The list of unfortunate incidents in the world of sports is endless. It will take both time and effort to break the rudimentary notion that men deserve more pay because the public is more interested.
To place all genders, binary or non-binary, on an equal footing, critical mass theory needs to be applied that goes on to state that when the size of a group (here, women/LGBTQIA+ community) reaches a certain mass or threshold level, that group gains trust and influence to thereby help in inclusion. With pro-inspiring legislations and charters such as Title IX, the Brighton Declaration on Woman and Sport, and European Charter of Women’s Rights on Sports being implemented in different countries of the world, India still has a long way to go.
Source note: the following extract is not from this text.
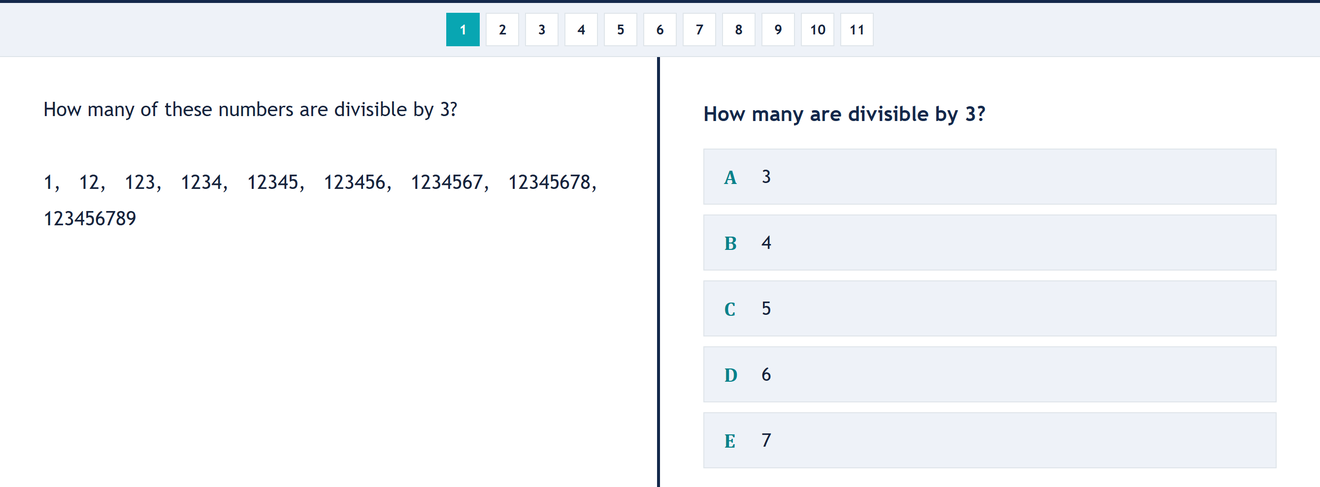 Inside an AMC Y7-8 mock — question and answer options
Football organisations/clubs, namely Lewes FC, Norwegian Football Association and the New Zealand Football Body have decided to grant equal pay to both their men’s and women’s teams. This goes on to prove the saying, “There is always hope, always.”
The invisibilisation of certain genders, with domination of one over the rest cannot continue. With the world of sports limiting its language to two communities, there is zilch certainty as to when discrimination will cease to exist. The claws of inequalities have not left even famous sportswomen including Serena William, who is paid less than a male tennis athlete, or Sania Mirza, who was used as ‘bait’ to pacify Leander Peas for the doubles team. There is not only a lack of inclusion in terms of policies and rules, but also in terms of infrastructure i.e. stadiums and fields having gender-neutral changing and rest rooms. Blatant ignorance and marginalisation was defeated when Kerela hosted India’s first ever transgender sports meeting in 2017.
Bringing in intersectionality in the world of sports is not only crucial but also the need of the hour. The narrative of sports can be rewritten to spread better and utopian ideals, and as Lisa Sthalekar says, “We want the media to critique performances. Be analytical – something that the media and journalists are with the male side of the game.” It is time we change the saying of the an old nursery rhyme that says, “Young women are made of rings and jings and other things fine, mothers are made of ribbons and laces and sweet pretty faces, and old women are made of reels and jeels and old spinning wheels.”